In the entries below, find the line with "Nam Quốc Tự Di" and the line with "Проф. Кантарджиев: Коронавирусът". Reproduce those two lines and every line between them exactly, and nothing more.
PROVIDED INFORMATION Block Start
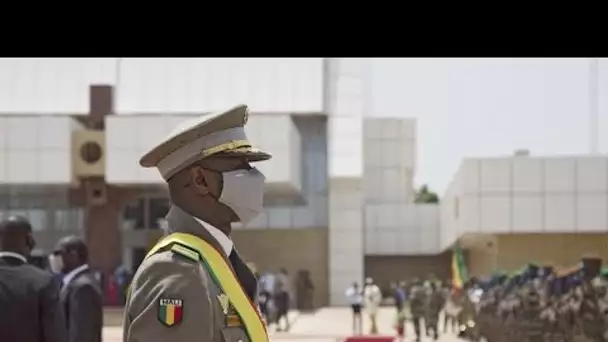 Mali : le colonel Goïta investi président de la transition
PROVIDED INFORMATION Block End
PROVIDED INFORMATION Block Start
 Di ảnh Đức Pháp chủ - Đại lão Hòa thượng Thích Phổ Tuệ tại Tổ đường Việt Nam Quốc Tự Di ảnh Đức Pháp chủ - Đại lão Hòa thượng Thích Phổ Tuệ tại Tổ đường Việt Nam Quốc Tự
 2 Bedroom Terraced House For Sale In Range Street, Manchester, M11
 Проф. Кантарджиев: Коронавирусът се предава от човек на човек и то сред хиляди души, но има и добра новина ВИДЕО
PROVIDED INFORMATION Block End
PROVIDED INFORMATION Block Start
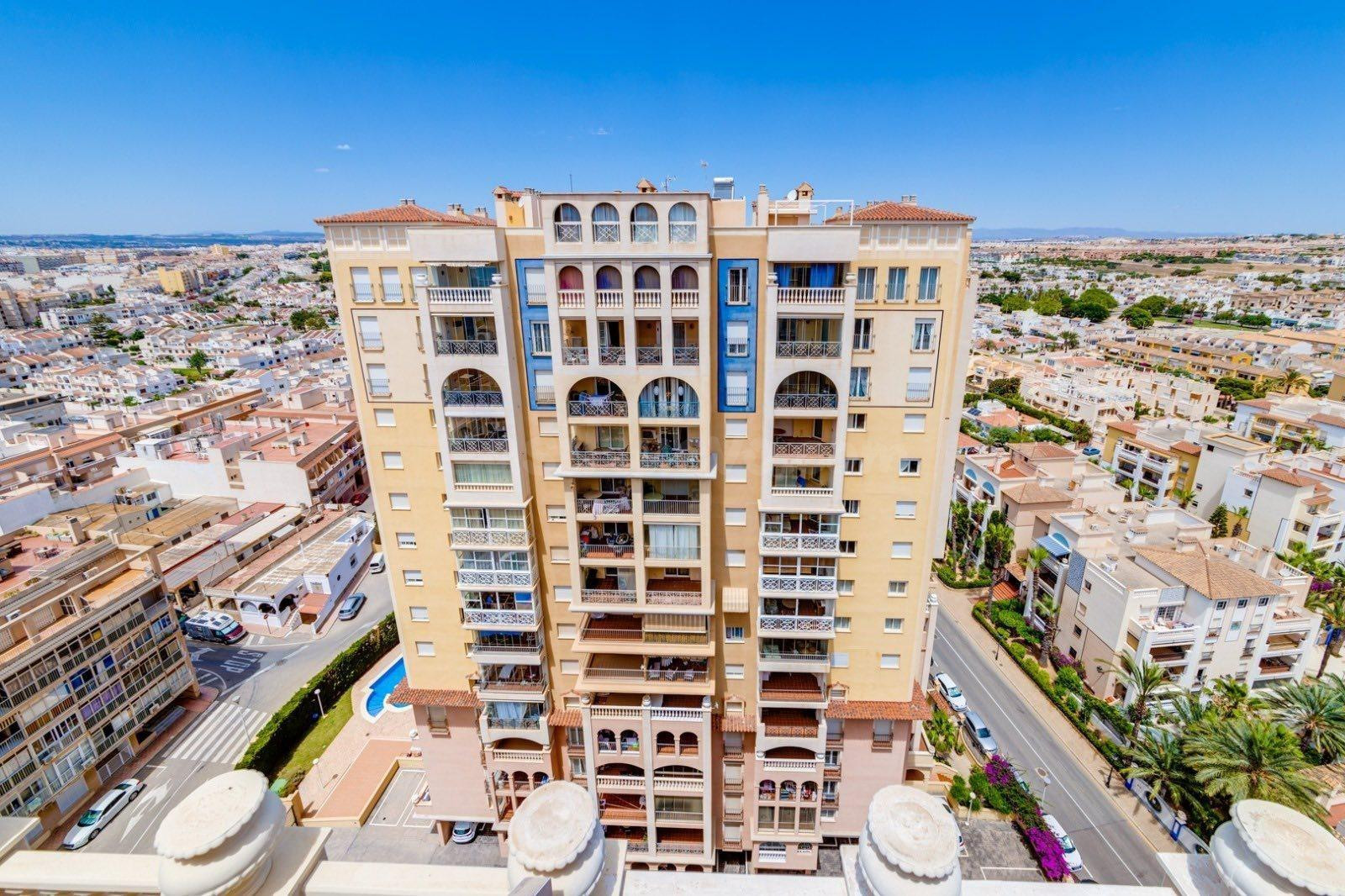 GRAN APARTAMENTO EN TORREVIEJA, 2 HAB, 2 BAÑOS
PROVIDED INFORMATION Block End
--- WRITTEN SOLUTION ---
 Di ảnh Đức Pháp chủ - Đại lão Hòa thượng Thích Phổ Tuệ tại Tổ đường Việt Nam Quốc Tự Di ảnh Đức Pháp chủ - Đại lão Hòa thượng Thích Phổ Tuệ tại Tổ đường Việt Nam Quốc Tự
 2 Bedroom Terraced House For Sale In Range Street, Manchester, M11
 Проф. Кантарджиев: Коронавирусът се предава от човек на човек и то сред хиляди души, но има и добра новина ВИДЕО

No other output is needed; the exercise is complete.